All entries in the loaded db from the file indicated by dbHash are not only checked for the existence of the indexBy attribute (_id by default) but are also passed through the validator function. These checks are performed for every entry added to the db, no matter if it is from the initial db load, a put method call, or a database sync. If a record already exists in the db under the same id, it is not updated. This prevents poisoning of the databases.

Requests

Once the previous database is loaded, or no database was loaded, it uploads the state of the database to IPFS and keeps track of the hash that IPFS returns (through sorting the db and then stringifying it, the same hash should be produced for a db that has the same entries but not necessarily the same order). Then, it connects to the specified topic in PubSub and subscribes to it. It then sends out two requests, an ASK request and a NEW request. These are described below:

NEW requests are used to tell all other set-dbs subscribed to that topic the current db multihash of the sending db. Just the db hash is sent, allowing low request size, and letting IPFS take care of the content distribution.
ASK requests are used to ask all other set-dbs subscribed to that topic for their current db hash. All set-dbs should respond to an ASK request with a NEW request containing their current db’s multihash.

Syncing

When a set-db receives a NEW request, it fetches the file from IPFS associated with the multihash that came in with that request. Then, each entry in the fetched db is run through the validation protocol described in the validation section, and if it passes, it is added to the current db.
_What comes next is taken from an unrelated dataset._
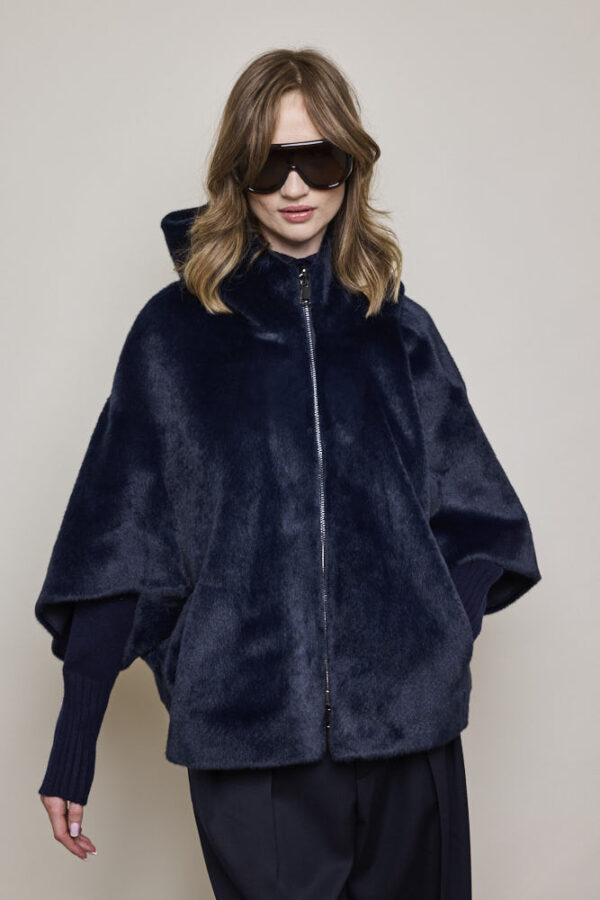 Cape Faux fur - Image 2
If any entries were added to the db as a result of a NEW request, the db is uploaded to IPFS, and a new db multihash is received and stored. Then, the set-db instance sends out a NEW request with this new multihash.

The Index

Using the above data structure, it is possible to create a fully decentralized file descriptor service for IPFS. This service is The Index and should work forever as long as PubSub works to enable inter-node communication.
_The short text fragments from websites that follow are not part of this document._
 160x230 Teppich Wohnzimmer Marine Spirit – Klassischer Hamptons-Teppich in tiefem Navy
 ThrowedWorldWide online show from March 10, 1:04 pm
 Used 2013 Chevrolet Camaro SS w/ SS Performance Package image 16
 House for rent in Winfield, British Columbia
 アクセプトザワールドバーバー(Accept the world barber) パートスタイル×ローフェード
The interesting thing about the PubSub functionality is that it enables dynamism completely within IPFS. I have taken an approach where every instance of the app acts as both server and client (server in that they give data to other nodes, and client in that they consume that data), but you could also set up an app to listen on PubSub to a central server’s commands. What has to always be taken into account though is the possiblity of poisoning that comes with the lack of a real central server. The Index protects against it by validating all entries that come in, but it would also be possible to set up all clients with a public key, and have a single app that acts as a server on that PubSub topic that could receive and publish messages using the corresponding private key. While such a service would be completely within IPFS, it wouldn’t so much be in the spirit of IPFS in that it relied on a central server.